This is also where our course can help. Some knowledge managers pursue certifications because they give them a shared language with program managers and transformation teams.

Technical Writing Certifications

AI-powered KM changes the change plan

AI-powered knowledge initiatives add a new “trust” problem.

If AI answers aren’t reliable, adoption takes a hit fast. People will revert to asking humans, and you’ll lose credibility.

So if you’re rolling out AI features, treat it like a change management project with guardrails: define what content is “approved,” add feedback collection directly in the experience, and publish clear rules on when to trust AI versus when to escalate.

One low-effort, high-impact habit: run weekly “AI misses” reviews. Pull the top incorrect answers or low-confidence topics and fix the underlying content or add a disambiguation page. Over time, you reduce noise and improve trust.

Feedback collection and employee well-being

Here’s a truth KM folks learn fast: bad knowledge systems create stress.

When people can’t find answers, they work longer, make more mistakes, and interrupt each other constantly. Building a searchable, trusted system is quietly an employee well-being initiative.

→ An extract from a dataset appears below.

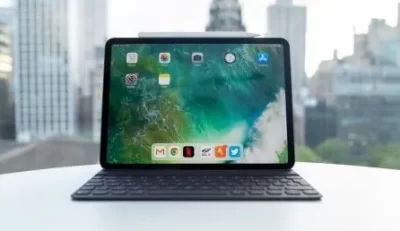 Apple-iPad-Pro-11-inch-Wi-Fi-64GB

Feedback collection helps keep the system honest. “Was this helpful” ratings, short surveys, and search analytics reveal knowledge-sharing barriers you won’t see in meetings. I also like to track “time to first useful answer” as a practical signal, because it maps to frustration more directly than page views.

Collaboration and Cross-Functional Communication

Knowledge management is a team sport, even if you’re the only KM person.

Cross-functional communication and stakeholder alignment

The biggest wins come from partnering with the teams closest to the work: support, product, engineering, operations, HR, and enablement.

The skill is translating between worlds. Engineers want precision. Support wants speed. Leadership wants outcomes. Your job is making knowledge serve all of them without becoming contradictory.

A simple move that improves cross-functional communication is creating a shared “definition of knowledge done.” For example: the article has an owner, a review cadence, the search terms are obvious, the troubleshooting steps are validated, and the audience is clear. When teams share that standard, review cycles stop being subjective.

Information-sharing strategies that scale

If you’re trying to make knowledge sharing feel normal, use the channels people already live in.

That can look like:

Embedding knowledge links in Slack workflows and ticket templates

Creating “topic owners” for recurring questions so updates aren’t centralized on one person

Building lightweight documentation sharing rituals into recurring meetings, like “what changed this week?”

The point is not more process. The point is fewer bottlenecks.

Practice communities and workplace culture

One scalable approach is building practice communities: small groups of people who share patterns, templates, and lessons learned.

This is especially helpful in remote work environments, where knowledge tends to fragment because hallway conversations disappear. Communities create a predictable place for peer-to-peer knowledge exchange, without requiring a top-down announcement every time something changes.

If you’ve ever run a community like this, you’ve probably noticed something: it also builds networking inside the company. And internal networking is one of the best predictors of whether KM culture actually sticks.

Collaborative technologies and the “two homes” problem

A lot of organizations struggle because knowledge ends up with two homes: content management systems on one side, and collaboration tools on the other.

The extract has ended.